─── STORED DATA ───

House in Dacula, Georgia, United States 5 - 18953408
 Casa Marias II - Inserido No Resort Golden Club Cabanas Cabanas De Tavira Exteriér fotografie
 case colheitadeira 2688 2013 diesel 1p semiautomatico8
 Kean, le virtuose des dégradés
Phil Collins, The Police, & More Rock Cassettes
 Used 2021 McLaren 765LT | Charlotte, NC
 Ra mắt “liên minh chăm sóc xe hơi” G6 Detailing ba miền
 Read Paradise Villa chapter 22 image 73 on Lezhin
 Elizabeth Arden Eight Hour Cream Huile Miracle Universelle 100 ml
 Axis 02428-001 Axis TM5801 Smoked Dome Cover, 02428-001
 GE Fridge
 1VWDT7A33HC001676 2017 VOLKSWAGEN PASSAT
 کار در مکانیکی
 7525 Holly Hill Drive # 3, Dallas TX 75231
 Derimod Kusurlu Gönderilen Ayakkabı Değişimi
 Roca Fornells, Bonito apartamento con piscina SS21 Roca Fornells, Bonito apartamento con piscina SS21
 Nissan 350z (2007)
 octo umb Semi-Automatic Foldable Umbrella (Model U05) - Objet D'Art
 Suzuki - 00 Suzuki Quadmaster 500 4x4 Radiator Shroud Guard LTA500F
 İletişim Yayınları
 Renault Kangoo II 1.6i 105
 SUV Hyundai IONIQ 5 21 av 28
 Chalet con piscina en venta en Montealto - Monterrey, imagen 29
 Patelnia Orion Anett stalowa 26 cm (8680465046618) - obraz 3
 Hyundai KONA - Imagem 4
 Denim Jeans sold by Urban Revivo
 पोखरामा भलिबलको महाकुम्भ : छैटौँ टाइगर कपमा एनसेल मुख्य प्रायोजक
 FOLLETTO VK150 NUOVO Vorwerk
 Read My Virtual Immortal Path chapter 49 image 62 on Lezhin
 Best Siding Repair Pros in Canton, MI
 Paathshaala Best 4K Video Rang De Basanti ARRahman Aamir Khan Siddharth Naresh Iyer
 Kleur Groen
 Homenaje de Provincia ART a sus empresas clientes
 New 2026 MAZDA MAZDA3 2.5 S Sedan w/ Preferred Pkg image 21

───

> _ACTIVITY_: Verbatim output is expected for the lines from the start of the data to the line in which "Used 2021 McLaren 765LT | Charlotte, NC" appears, both included.

> _THE COMPLETED TASK_:
House in Dacula, Georgia, United States 5 - 18953408
 Casa Marias II - Inserido No Resort Golden Club Cabanas Cabanas De Tavira Exteriér fotografie
 case colheitadeira 2688 2013 diesel 1p semiautomatico8
 Kean, le virtuose des dégradés
Phil Collins, The Police, & More Rock Cassettes
 Used 2021 McLaren 765LT | Charlotte, NC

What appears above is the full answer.